07 fevereiro 2016

Casas voltam a ser negócio


Para milhões de portugueses, a casa é o maior investimento das suas vidas, um compromisso para décadas cujo valor oscila ao sabor da oferta, da procura e do crédito. Os bancos reabriram as torneiras do crédito, os preços dispararam em vários bairros de Lisboa e do Porto, e até o Algarve e algumas cidades históricas do País também sentem uma forte procura, sobretudo por causa dos estrangeiros. Nalguns casos, o dinamismo já está a atingir níveis especulativos e pequenas bolhas começam a surgir nalgumas zonas do País.


A procura de habitações de charme, com história e em locais turísticos, trouxe uma nova dinâmica a alguns bairros históricos das grandes cidades, deixando-as a fervilhar com o frenesim das obras de reabilitação.
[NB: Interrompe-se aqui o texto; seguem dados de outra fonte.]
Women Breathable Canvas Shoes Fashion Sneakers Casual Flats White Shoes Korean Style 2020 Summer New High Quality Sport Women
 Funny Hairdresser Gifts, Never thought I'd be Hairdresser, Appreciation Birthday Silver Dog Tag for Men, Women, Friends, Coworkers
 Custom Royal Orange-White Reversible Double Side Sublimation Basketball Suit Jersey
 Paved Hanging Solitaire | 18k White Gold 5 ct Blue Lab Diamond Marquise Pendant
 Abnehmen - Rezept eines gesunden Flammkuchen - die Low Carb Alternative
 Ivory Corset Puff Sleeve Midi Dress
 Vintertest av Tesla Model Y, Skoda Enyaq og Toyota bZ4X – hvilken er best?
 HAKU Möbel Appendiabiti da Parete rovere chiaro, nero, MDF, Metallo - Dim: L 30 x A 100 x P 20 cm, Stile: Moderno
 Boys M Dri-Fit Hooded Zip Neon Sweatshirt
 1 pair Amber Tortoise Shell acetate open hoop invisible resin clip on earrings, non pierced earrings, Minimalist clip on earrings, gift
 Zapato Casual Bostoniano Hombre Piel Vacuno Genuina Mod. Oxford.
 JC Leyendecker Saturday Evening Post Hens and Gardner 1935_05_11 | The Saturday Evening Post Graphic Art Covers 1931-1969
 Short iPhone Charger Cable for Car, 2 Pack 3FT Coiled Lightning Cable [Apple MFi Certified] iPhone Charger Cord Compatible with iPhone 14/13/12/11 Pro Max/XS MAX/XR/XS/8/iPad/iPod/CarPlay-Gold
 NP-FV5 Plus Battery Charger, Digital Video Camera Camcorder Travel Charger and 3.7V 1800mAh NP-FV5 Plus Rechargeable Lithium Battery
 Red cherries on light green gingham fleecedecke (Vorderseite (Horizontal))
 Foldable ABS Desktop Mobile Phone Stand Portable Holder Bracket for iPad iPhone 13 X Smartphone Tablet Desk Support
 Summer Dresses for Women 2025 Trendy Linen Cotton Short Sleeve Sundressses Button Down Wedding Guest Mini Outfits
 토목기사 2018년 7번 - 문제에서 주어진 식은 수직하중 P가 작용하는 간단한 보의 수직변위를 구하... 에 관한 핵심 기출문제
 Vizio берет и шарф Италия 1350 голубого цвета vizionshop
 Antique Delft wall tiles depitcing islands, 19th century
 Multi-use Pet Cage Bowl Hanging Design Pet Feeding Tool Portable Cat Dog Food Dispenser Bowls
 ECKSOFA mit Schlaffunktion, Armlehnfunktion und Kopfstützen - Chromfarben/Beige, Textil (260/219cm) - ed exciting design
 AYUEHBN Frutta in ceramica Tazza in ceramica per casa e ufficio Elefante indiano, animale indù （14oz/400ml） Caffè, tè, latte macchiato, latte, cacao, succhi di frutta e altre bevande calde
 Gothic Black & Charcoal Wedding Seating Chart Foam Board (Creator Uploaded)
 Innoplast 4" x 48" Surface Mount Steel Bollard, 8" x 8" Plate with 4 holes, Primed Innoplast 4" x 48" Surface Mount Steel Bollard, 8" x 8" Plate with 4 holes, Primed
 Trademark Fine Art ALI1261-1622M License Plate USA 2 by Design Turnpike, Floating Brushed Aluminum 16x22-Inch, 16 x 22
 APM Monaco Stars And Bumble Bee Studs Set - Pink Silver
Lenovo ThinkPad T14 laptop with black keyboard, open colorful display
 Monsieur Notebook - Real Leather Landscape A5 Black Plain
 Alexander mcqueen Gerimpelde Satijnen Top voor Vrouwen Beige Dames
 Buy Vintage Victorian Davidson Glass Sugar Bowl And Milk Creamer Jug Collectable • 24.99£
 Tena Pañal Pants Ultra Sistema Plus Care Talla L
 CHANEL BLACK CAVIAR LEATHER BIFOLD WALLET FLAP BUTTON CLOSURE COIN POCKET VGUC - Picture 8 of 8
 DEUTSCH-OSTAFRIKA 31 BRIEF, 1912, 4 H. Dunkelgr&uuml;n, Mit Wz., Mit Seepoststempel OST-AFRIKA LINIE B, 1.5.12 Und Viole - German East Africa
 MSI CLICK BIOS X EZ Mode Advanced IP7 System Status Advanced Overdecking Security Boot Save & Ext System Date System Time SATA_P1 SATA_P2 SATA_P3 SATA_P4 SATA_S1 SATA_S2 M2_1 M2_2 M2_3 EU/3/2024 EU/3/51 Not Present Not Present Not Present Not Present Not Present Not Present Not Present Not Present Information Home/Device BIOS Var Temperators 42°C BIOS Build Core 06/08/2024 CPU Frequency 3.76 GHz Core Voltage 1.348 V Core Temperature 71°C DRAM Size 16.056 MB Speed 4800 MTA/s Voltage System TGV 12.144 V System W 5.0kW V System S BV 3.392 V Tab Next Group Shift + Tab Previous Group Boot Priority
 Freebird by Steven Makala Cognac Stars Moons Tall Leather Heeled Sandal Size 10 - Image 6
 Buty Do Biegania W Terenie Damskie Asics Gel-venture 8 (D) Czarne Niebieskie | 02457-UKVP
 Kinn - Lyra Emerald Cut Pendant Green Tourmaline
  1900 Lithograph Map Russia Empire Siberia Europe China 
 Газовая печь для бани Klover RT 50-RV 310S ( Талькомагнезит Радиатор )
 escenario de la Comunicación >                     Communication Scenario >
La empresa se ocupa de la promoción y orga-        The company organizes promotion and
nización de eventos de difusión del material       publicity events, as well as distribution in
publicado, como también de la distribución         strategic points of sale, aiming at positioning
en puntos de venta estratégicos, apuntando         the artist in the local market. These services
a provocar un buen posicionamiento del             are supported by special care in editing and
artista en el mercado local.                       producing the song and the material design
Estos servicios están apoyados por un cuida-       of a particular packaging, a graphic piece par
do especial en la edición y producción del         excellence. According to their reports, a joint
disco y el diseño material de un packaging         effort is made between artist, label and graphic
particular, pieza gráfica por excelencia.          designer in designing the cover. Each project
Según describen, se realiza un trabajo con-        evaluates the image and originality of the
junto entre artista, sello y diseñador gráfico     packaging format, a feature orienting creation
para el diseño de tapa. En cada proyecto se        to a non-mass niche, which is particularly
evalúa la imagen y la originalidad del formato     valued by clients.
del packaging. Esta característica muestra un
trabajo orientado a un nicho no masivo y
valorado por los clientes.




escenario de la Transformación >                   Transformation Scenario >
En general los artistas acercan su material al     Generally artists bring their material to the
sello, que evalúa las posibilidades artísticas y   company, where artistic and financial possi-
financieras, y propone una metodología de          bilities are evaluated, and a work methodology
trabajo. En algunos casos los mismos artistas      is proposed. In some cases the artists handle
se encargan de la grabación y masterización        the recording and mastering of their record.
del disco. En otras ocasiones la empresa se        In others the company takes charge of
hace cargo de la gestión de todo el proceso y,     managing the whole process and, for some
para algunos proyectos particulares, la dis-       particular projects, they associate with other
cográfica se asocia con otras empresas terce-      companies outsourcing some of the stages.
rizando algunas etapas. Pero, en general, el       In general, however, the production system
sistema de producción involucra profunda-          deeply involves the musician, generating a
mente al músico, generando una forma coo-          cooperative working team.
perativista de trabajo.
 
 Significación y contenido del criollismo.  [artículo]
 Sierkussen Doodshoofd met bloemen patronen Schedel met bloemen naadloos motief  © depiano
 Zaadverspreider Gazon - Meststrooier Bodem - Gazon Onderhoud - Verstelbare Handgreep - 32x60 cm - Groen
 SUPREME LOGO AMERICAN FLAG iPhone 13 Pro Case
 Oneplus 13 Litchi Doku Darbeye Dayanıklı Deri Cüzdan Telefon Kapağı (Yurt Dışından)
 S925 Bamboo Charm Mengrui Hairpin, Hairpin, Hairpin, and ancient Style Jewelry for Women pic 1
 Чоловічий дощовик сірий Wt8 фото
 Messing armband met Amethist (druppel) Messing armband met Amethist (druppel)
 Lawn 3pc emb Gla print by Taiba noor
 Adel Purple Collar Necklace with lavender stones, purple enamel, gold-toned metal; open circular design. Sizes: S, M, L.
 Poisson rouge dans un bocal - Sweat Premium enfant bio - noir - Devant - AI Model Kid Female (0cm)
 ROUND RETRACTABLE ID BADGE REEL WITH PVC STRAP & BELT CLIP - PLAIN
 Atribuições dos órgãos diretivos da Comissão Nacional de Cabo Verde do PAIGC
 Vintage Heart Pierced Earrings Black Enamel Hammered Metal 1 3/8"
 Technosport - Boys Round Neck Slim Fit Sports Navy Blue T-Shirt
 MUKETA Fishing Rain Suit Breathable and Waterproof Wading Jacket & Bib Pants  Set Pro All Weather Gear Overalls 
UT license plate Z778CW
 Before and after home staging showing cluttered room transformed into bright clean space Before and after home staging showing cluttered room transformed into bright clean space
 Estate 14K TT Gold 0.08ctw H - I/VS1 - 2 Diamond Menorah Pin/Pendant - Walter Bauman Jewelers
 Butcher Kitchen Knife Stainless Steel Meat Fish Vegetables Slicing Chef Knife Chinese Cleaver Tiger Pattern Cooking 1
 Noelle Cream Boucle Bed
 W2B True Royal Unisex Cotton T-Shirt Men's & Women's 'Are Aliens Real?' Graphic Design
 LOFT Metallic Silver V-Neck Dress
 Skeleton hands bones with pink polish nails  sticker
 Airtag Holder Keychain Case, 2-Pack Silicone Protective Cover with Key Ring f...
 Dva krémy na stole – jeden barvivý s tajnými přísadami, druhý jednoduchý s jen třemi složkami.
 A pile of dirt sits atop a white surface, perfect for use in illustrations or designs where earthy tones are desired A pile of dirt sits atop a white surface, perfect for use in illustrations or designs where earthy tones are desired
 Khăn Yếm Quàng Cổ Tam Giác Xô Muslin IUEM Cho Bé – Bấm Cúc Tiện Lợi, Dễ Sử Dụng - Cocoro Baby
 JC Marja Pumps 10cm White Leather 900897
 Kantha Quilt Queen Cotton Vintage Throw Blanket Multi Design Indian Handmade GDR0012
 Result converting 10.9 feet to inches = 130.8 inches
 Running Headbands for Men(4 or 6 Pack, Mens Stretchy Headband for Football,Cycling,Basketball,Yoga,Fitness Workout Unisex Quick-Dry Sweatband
Noutros casos, são as construções novas, com grandes áreas e localizações privilegiadas, que dispararam a pensar na procura por parte de estrangeiros e das famílias abastadas, que ali procuram as suas residências. O País recupera o fôlego de uma longa crise e a tendência positiva dos últimos dois anos tem vindo a acentuar-se nos últimos meses e deverá manter-se. De tal forma que, entre os agentes imobiliários, há quem aposte na valorização de novas localizações ao longo deste ano. 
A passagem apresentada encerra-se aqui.